The short answer is yes, you do. Personal injury claims are going to be considered an asset of your estate (that is, something with financial value that could be used to pay off your creditors). Keeping your injury claim a secret from your bankruptcy is a ticking time bomb; sooner or later it will be discovered, and the failure to disclose it can ruin both your bankruptcy and your personal injury claim.
What is equally important to understand, is that disclosing the claim doesn’t mean your recovery is going straight to your creditors.
When your claim is disclosed as an asset, the trustee assigned to your bankruptcy will make contact with your personal injury attorney (if you have one – if you don’t, the trustee will likely hire one to deal with the claim). The trustee will likely ask that the same attorney continue to work on the case, with the understanding that your bankruptcy estate now owns the claim. Once the case is resolved, your personal injury attorney will work with the trustee to determine what portion of the recovery is exempt-able (meaning, the portion that you get to keep).

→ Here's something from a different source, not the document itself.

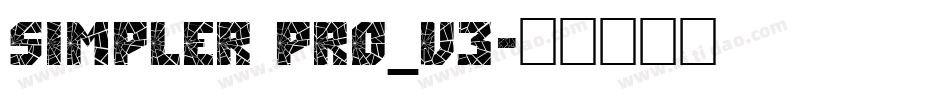 Simpler Pro_V3字体转换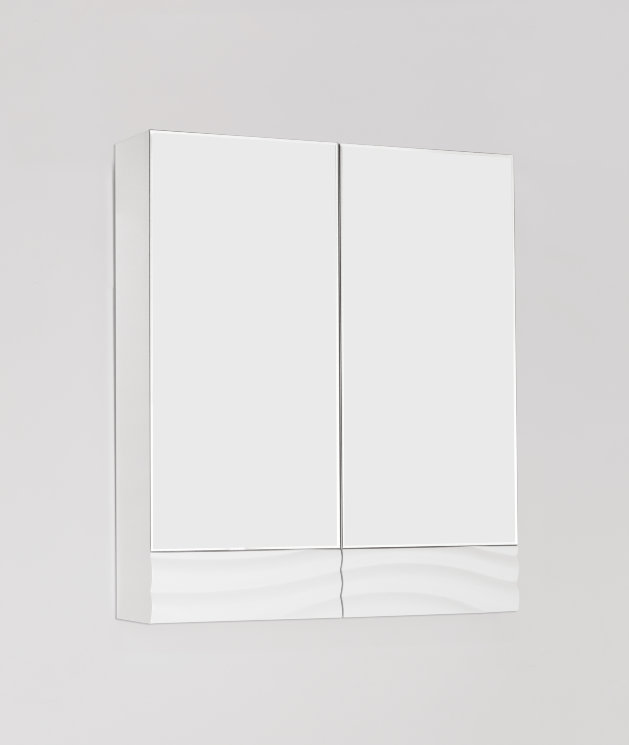 Зеркальный шкаф Style Line Вероника 60 люкс, белый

In my practice, most moderate personal injury claims are ultimately returned by the trustee to the client through the exemption. Ultimately, this is the best choice, because the client loses all incentive to participate in the personal injury claim when they personally won’t be benefitting.
The bottom line is, don’t hesitate to speak to your personal injury attorney if you are contemplating or beginning the bankruptcy process.